▶ Problem details:
All lines from the one containing "Mulher meditando na grama" down to the one containing "Joven atleta haciendo", both ends included, are to be given again exactly; omit the rest of the listing below.

═══ Information given

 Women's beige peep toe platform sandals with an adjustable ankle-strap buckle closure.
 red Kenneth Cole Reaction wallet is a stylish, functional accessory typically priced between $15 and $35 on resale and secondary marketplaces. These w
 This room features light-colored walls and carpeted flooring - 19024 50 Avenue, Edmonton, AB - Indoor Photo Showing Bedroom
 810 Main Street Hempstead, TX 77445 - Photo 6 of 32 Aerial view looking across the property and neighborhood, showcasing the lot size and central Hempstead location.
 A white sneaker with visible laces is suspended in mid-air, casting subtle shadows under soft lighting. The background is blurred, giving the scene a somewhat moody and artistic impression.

══════
═══ Information given

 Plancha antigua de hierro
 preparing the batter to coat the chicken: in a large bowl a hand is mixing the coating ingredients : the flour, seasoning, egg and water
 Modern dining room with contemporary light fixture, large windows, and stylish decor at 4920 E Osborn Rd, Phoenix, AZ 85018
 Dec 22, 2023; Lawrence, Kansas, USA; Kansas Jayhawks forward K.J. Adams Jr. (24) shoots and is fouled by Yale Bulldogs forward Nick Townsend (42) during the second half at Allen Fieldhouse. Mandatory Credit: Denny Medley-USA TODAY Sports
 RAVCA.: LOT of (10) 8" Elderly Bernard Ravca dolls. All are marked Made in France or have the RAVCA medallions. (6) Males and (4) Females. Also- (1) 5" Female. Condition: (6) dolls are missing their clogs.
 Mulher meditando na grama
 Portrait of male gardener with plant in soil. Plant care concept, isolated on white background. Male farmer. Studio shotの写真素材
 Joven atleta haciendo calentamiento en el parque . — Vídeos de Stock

══════

▶ Answer section:
 Mulher meditando na grama
 Portrait of male gardener with plant in soil. Plant care concept, isolated on white background. Male farmer. Studio shotの写真素材
 Joven atleta haciendo calentamiento en el parque . — Vídeos de Stock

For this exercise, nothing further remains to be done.